Here are other available ZooKeeper metrics you may optionally observe on a Kafka broker.
kafka.server:type=SessionExpireListener,name=ZooKeeperSyncConnectsPerSec
- ZooKeeper client is connected to the ensemble and ready to execute operations.
kafka.server:type=SessionExpireListener,name=ZooKeeperAuthFailuresPerSec
- An attempt to connect to the ensemble failed because the client has not provided
correct credentials.
kafka.server:type=SessionExpireListener,name=ZooKeeperReadOnlyConnectsPerSec
- The server the client is connected to is currently LOOKING, which means that it
is neither FOLLOWING nor LEADING. Consequently, the client can only read the ZooKeeper
state, but not make any changes (create, delete, or set the data of znodes).
kafka.server:type=SessionExpireListener,name=ZooKeeperSaslAuthenticationsPerSec
- Client has successfully authenticated.
kafka.server:type=SessionExpireListener,name=SessionState
- Connection status of broker’s ZooKeeper session.
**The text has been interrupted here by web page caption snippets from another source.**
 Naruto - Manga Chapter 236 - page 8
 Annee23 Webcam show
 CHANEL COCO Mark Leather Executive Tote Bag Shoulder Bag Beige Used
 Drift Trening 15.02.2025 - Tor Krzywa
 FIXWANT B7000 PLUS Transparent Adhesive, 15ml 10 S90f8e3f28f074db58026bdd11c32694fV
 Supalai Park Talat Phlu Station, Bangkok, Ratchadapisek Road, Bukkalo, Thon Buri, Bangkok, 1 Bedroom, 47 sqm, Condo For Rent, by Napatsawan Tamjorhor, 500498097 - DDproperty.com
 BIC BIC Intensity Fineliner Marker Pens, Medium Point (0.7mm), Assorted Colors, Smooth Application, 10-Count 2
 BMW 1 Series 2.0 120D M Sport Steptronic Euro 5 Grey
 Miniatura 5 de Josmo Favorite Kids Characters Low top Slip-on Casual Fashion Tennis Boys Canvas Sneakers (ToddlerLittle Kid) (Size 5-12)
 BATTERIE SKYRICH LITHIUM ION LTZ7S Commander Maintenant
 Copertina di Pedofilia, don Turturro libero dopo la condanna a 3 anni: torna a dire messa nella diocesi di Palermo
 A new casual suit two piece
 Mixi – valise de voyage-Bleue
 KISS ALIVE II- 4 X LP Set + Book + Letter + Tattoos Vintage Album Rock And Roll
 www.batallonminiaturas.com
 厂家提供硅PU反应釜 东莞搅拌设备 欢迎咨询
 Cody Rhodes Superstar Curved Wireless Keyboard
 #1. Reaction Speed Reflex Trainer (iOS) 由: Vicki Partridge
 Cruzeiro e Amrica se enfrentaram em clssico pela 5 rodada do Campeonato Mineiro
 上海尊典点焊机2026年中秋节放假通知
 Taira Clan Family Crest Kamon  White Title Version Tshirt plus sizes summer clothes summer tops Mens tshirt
Expected value is
CONNECTED
.
Producer Metrics
Starting with 0.8.2, the new producer exposes the following metrics:
Global Request Metrics
MBean: kafka.producer:type=producer-metrics,client-id=([-.w]+)
request-latency-avg
- The average request latency in ms.
request-latency-max
- The maximum request latency in ms.
request-rate
- The average number of requests sent per second.
response-rate
- The average number of responses received per second.
incoming-byte-rate
- The average number of incoming bytes received per second from all servers.
outgoing-byte-rate
- The average number of outgoing bytes sent per second to all servers.
Global Connection Metrics
MBean: kafka.producer:type=producer-metrics,client-id=([-.w]+)
connection-count
- The current number of active connections.
connection-creation-rate
- New connections established per second in the window.
connection-close-rate
- Connections closed per second in the window.
io-ratio
- The fraction of time the I/O thread spent doing I/O.
io-time-ns-avg
- The average length of time for I/O per select call in nanoseconds.
io-wait-ratio
- The fraction of time the I/O thread spent waiting.
select-rate
- Number of times the I/O layer checked for new I/O to perform per second.
io-wait-time-ns-avg
- The average length of time the I/O thread spent waiting for a socket ready for reads or writes
in nanoseconds.
Per-Broker Metrics
MBean: kafka.producer:type=producer-node-metrics,client-id=([-.w]+),node-id=([0-9]+)
Besides the Global Request Metrics, the following metrics are also available per broker:
request-size-max
- The maximum size of any request sent in the window for a broker.
request-size-avg
- The average size of all requests in the window for a broker.
request-rate
- The average number of requests sent per second to the broker.
response-rate
- The average number of responses received per second from the broker.
incoming-byte-rate
- The average number of bytes received per second from the broker.
outgoing-byte-rate
- The average number of bytes sent per second to the broker.
Per-Topic Metrics
MBean: kafka.producer:type=producer-topic-metrics,client-id=([-.w]+),topic=([-.w]+)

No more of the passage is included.